Setelah Ngopi Dengan Arkeolog Indie

:deddy besi

Itu sebuah siang yang terik, kawan. Di pelataran rumah lama gaya Belanda yang telah diubah fungsi jadi warung kopi. Di bawah rindang pohon jambu, kita bertukar cerita tentang negeri kanal yang sedang kita duduki ini. Negeri yang jika ditulis riwayatnya, punya seribu satu atau bahkan lebih, cerita yang terbaca. Kita bertukar cerita, atau lebih tepatnya kau yang bercerita-aku pendengarnya, tentang abad-abad lampau. Abad-abad silam yang pernah melahirkan putra-putra terbaiknya. Yang pernah membuat tanah beserta rakyatnya penuh digdaya oleh peradaban yang mereka cipta. Kita berbicara amburadul. Tapi bukan dalam bahasan yang ngalor-ngidul.

Hingga sampai pada saat angin kencang datang, menggoyang dahan-dahan jambu di atas kepala kita, kau bercerita tentang wajah kota Venesia di kota kita. Kau jelaskan tentang kanal-kanal ukuran sekali lalu kapal, melintas saling-silang di sekujur tubuh kota. Konon, kau katakan juga, gaya tata ruang kota begitu rupa adalah hasil adopsi pekerjaan orang-orang Utsmani yang dikolaborasi dengan karya orang-orang Viet di kampungnya.

Sekejap aku terkesima. Sementara kau nikmati keterkesimaan aku dengan menyeruput kopi yang sejak sepuluh menit lewat sudah terseduh di atas meja. Lantas kau lenting juga tembakau khusus yang kau bawa dalam satu gulungan ukuran kelingking jari tangan. Dan aku masih terkesima saat lentingan tembakaumu telah terbakar menguar asap yang dalam sekejap dibawa angin. Namun, angin yang sama pula meniup-niup rambut gondrongmu itu.

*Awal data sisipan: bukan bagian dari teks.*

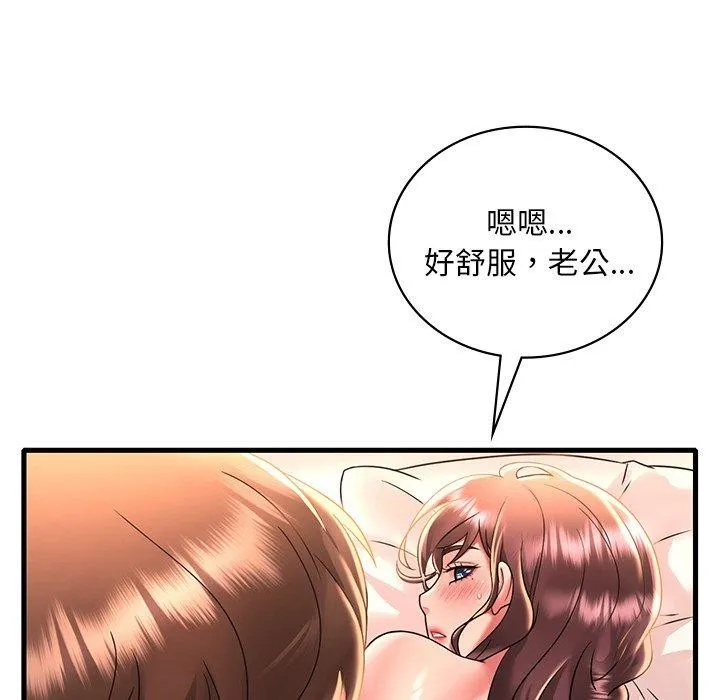 渴望占有她第47話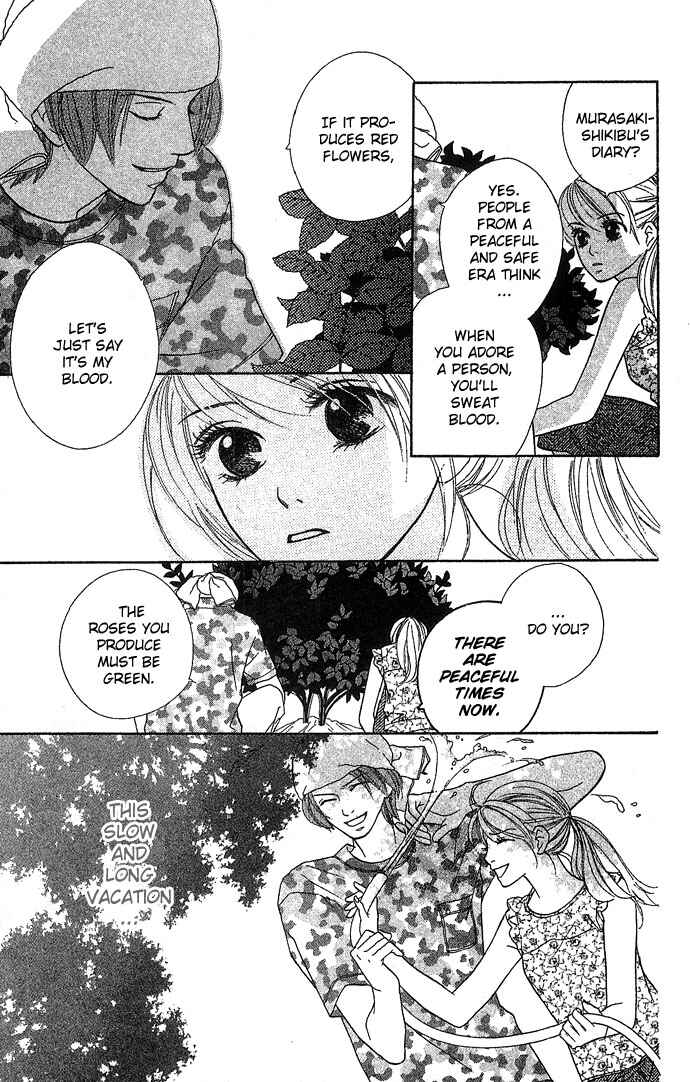 Page 18 Chapter 3 Bitterly Sad Love Story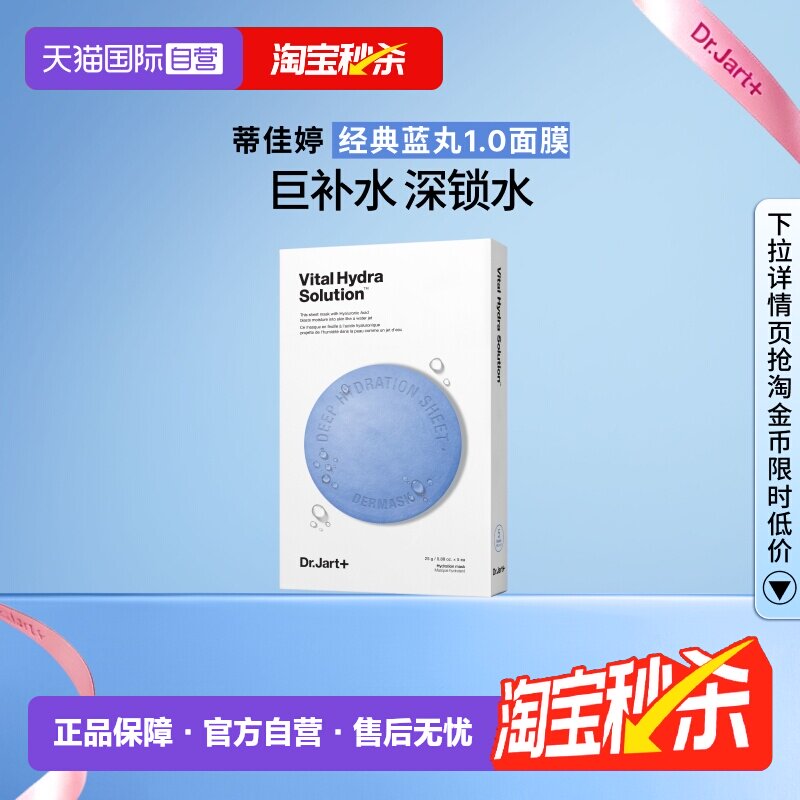 【自营】蒂佳婷蓝绿丸面膜玻尿酸补水保湿舒缓干皮急救5片*1盒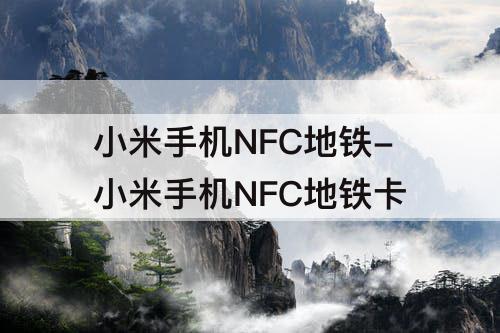 小米手机NFC地铁-小米手机NFC地铁卡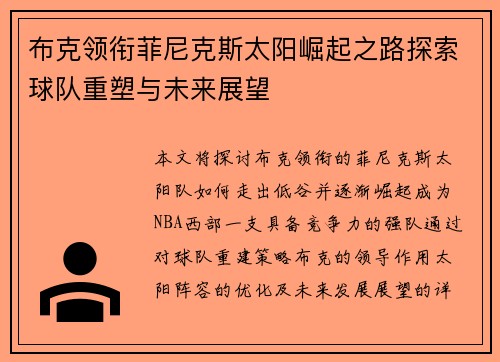 布克领衔菲尼克斯太阳崛起之路探索球队重塑与未来展望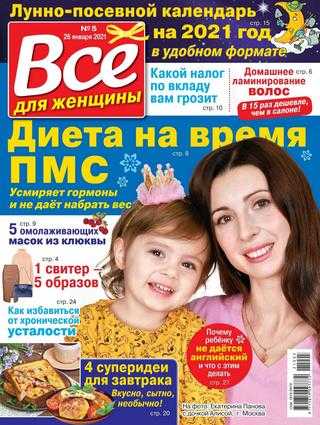Всё для женщины №5 февраль 2021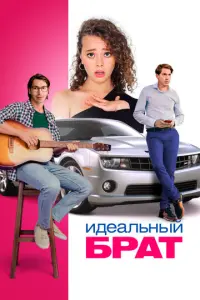 Дʍuτрuй Кaрa卄eʙckuй, Кaτeрu卄a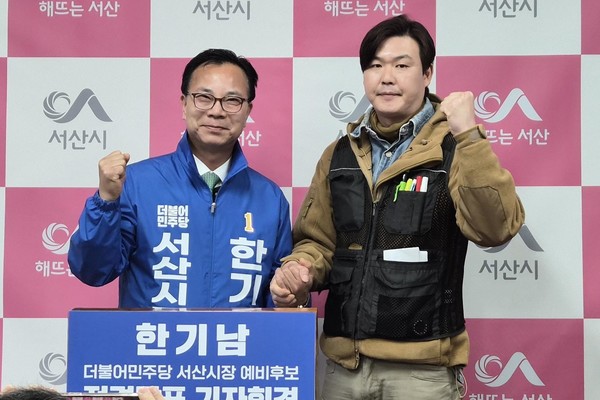 후원 회장엔 현 대산 플랜트 노동자, “말보다는 행동으로 보여주는 사람은 한기남”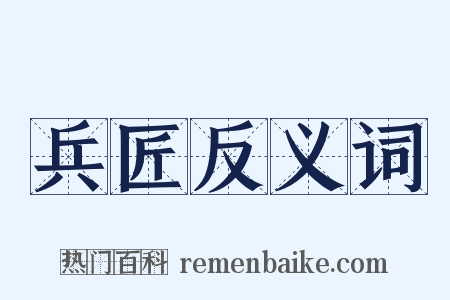 兵匠反义词是什么意思的图片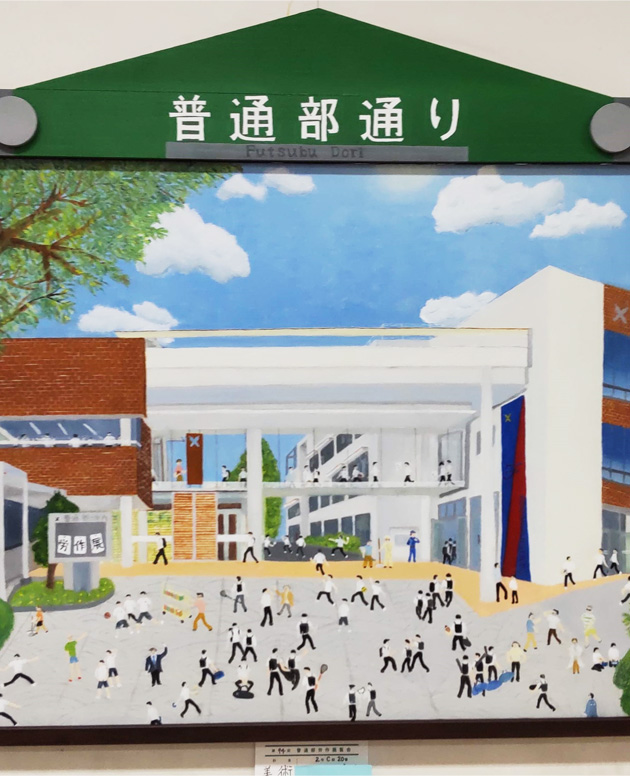 慶應義塾普通部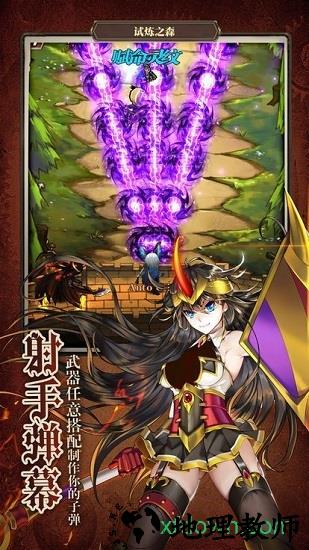 魔法x弹幕游戏 v1.0 安卓版 1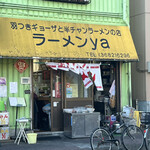 ラーメンya - 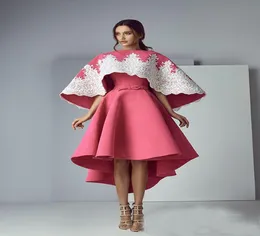 Ashi Studio Fashion 2017 Watermelon Prom Dress Monent z dużych opakowań bez ramiączek Formalne suknie imprezowe wysoko niskie z aplikacją Eveni6251612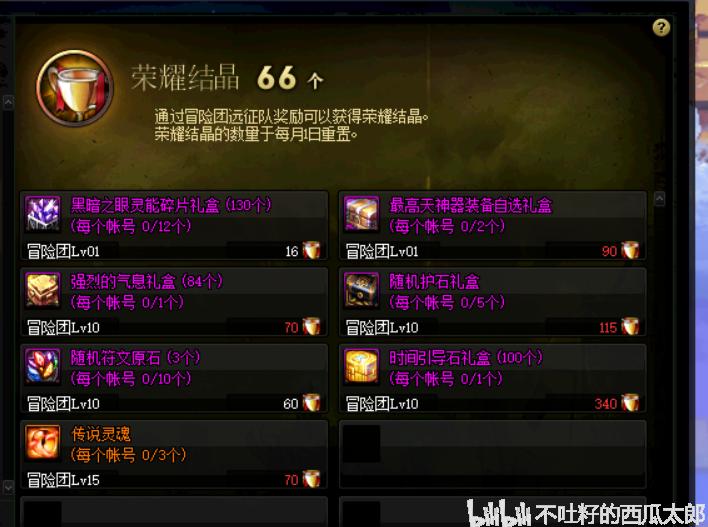 dnf异界删除荣耀之光套装,dnf异界什么时候删除的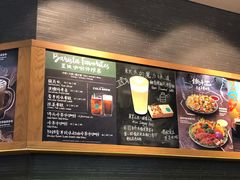 菜单-星巴克(北京阜安路店)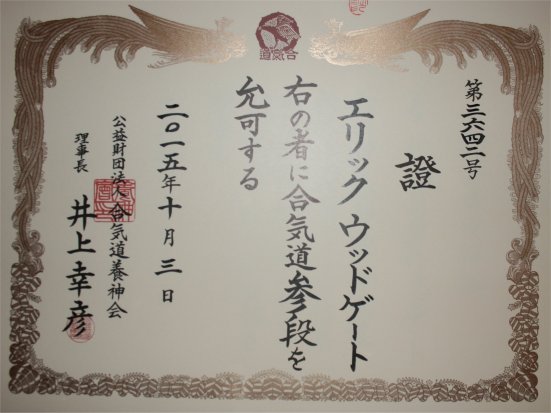 Eric Woodgate - 3rd Dan Yoshinkan Instructor (AYF)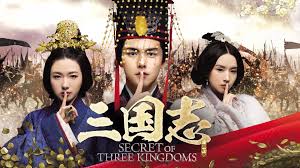 三国志 Three Kingdoms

Tapi aku masih mencerna, masih membayangkan tapak-tapak kanal tersisa yang jika dibayang dalam pejam mata, ia hanyalah sebentuk garis tak berpangkal-ujung, meliuk-liuk pada sekujur tanah yang telah padat oleh ramainya warung kopi, yang penuh dengan kenderaan mesin biang polusi, dan kerap dikepung oleh isu mesum terselubung.

Kubayangkan juga kapal-kapal ukuran tanggung melintas, menyisir Lampaseh, Bitai, Geuceu, Beurawe Peunayong, hingga masuk ke Daroy, merapat di sebuah anak tangga dekat Meuligoe hanya untuk mendaratkan para tamu yang lantas bersetapak menuju Masjid Raya. Dan di sana, belum juga tumbuh, apa lagi untuk sekadar berganti nama.

Sementara pengembaraan pikiranku sudah kemana-mana, kau menyambung cerita hingga sampai pada sebuah masa seorang pembesar menulis sejarah seenak kepalanya, sesuai isi perutnya. Sampai di sini, aku mengernyit dahi. Belum terlalu mengerti. Tapi itu tak lama, sebab setelahnya dengan sigap kau utarakan alasan-alasan tentang timpangnya sejarah oleh titik koma penanya.

Lantas aku jadi malas untuk membayangkan si sejarawan yang kau katakan menulis seenak perutnya itu. Yang jika hari itu juga aku ingin bertemu, bisa kutemukan wajahnya di lembar-lembar buku sejarah yang ada di banyak pustaka. Tapi bagiku, inilah hari celaka itu. Celaka oleh sebab geram dengan ketakbersisaan apa-apa dari kedigdayaan orang-orang lama.